The parties settled the actions without admitting or denying the findings and agreed to cease and desist from future violations.  Pursuant to the terms of the initiative, they also agreed to undertake to establish appropriate policies, procedures, and training regarding continuing disclosure obligations; comply with existing continuing disclosure undertakings, including updating past delinquent filings, disclose the settlement in future offering documents, and cooperate with any subsequent investigations by the SEC.

“The terms of the settlements reflect the credit these issuers earned for their cooperation in self-reporting pursuant to the MCDC initiative,” said LeeAnn Ghazil Gaunt, Chief of the SEC Enforcement Division’s Public Finance Abuse Unit.  “Because the issuers also voluntarily agreed to take steps to prevent future violations, both they and their investors have benefited from the initiative.”

The SEC has now filed a total of 143 actions against 144 respondents as part of the MCDC Initiative.  Today’s actions are the first against municipal issuers since the first action under the initiative was announced in July 2014 against a California school district.  The SEC filed actions under the initiative against a total of 72 municipal underwriting firms, comprising 96 percent of the market share for municipal underwritings, in June 2015, in September 2015, and in February 2016.

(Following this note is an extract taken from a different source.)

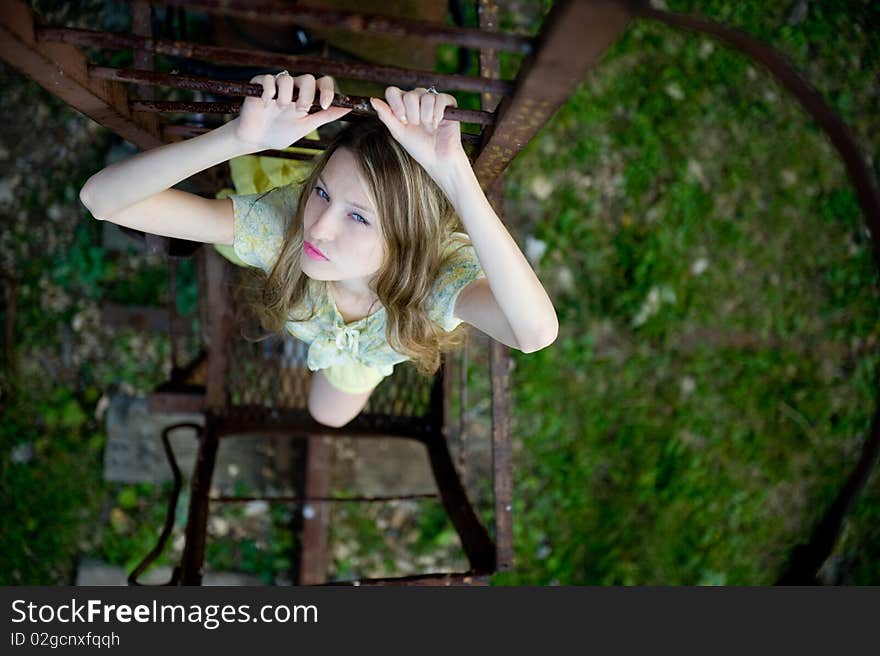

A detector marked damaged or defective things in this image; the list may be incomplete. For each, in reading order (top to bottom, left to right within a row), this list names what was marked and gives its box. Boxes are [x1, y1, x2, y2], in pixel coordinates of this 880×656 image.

rusty metal bar [0, 0, 162, 151]
rusty metal bar [37, 27, 516, 96]
rusty metal bar [150, 0, 532, 54]
rusty metal bar [474, 0, 632, 192]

The MCDC Initiative is being led by Kevin Guerrero of the Enforcement Division’s Public Finance Abuse Unit.  The cases announced today were investigated by members of the unit, including Michael Adler, Joseph Chimienti, Kevin Currid, Susan Curtin, Peter Diskin, Brian Fagel, Natalie Garner, Warren Greth, Sally J. Hewitt, Jason Howard, Jason Lee, Robbie Mayer, Heidi Mitza, William Salzmann, Cori Shepherd, Ivonia K. Slade, Steven Varholik, Jonathan Wilcox, Monique C. Winkler, and Deputy Chief Mark R. Zehner with assistance from Peter Moores and Ellen Moynihan of the Boston Regional Office, Howard Kaplan of the Enforcement Division’s Center for Risk and Quantitative Analytics, and Rebecca Olsen, Hillary Phelps, and Adam Wendell of the Office of Municipal Securities.